Infant corpses pulverised by military ordnance have always been part and parcel of total war. You seldom saw the photographs, but there were plenty – especially of boys and girls whose lives were ended by second world war aerial bombing. Many died in the London Blitz, while thousands more children across Europe perished during Allied raids leading up to the defeat of the Nazis.
It has been the same in almost every other post-war conflict, and especially the Iran-Iraq war. On 16 March 1988, Saddam Hussein used chemical weapons to wipe out 5,000 civilians, many of them infants, in just one day. The gruesome pictures from Halabja, in southern Kurdistan, had only limited impact, however. They certainly did little to rally international opposition to a dictator who was to remain in power for a full 15 years after the atrocity.
The difference nowadays is that horrifying images showing the extremes of industrial conflict are readily available in an instant. Almost exactly a year ago, I was provided with scores from the besieged Syrian city of Houla, including one of a four-month-old baby girl whose throat had been cut by militiamen loyal to President Bashar al-Assad. A week ago my contacts in the country, where I used to spend a great deal of time, sent me almost contemporaneous video film of children dying from the effects of nerve agents. Even the most sanitised were considered unpublishable to a wider audience.
David Cameron rightly referred to such footage in the House of Commons last week. He correctly pointed to it highlighting the absolute barbarity of the Assad regime, and its willingness to resort to near-genocide to maintain its grip on power. Like Saddam before him, Assad has proved himself to be the most evil kind of dictator – one who believes that the excruciatingly painful deaths of his own people are somehow justified because they enable him to remain in charge.
Yes, the latest film from the Damascus suburb of Ghouta suggests that Assad is a war criminal, and must be treated as such. But what it did not do is provide a compelling argument for unleashing further misery on the people of Syria through military action.
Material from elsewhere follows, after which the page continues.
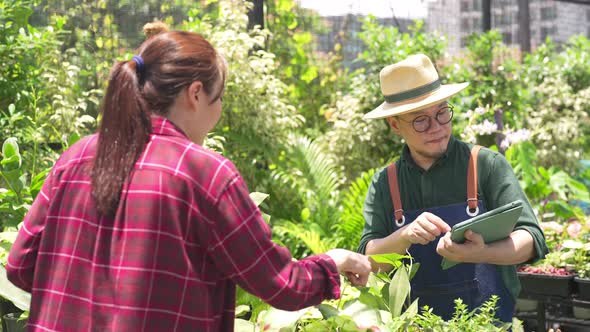 4K Asian man plant shop owner helping woman customer choosing potted plants in store alt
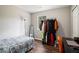 Bedroom featuring a bed, desk, and clothing rack, providing a functional and comfortable space at 28 Fawn Ct, Sharpsburg, GA 30277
A hastily planned attack by the west on an imploding country will do nothing for the people it is intended to help, and will almost certainly exacerbate an already savage civil war. More than 120,000 people have died since the start of the fighting, with about two million refugees forced to flee their country.
Arab spring pro-democracy demonstrators who took to the street in 2011 are now involved in a fiendishly inter-tangled conflict. Russia, which provided most of Assad’s stockpiles of sarin nerve gas, is standing by the tyrant, along with equally unpredictable allies such as Iran and the militant Islamist group Hezbollah, who are fighting the war by proxy in Lebanon and Iraq. Elements of Assad’s opponents include al-Qaida fighters funded by wealthy Gulf states such as Saudi Arabia and Qatar.
In Israel, arguably Assad’s greatest enemy within the rapidly heating Middle East cauldron, gas masks are selling out. Other regional players, including Jordan, are also extremely concerned about the possibility of being attacked.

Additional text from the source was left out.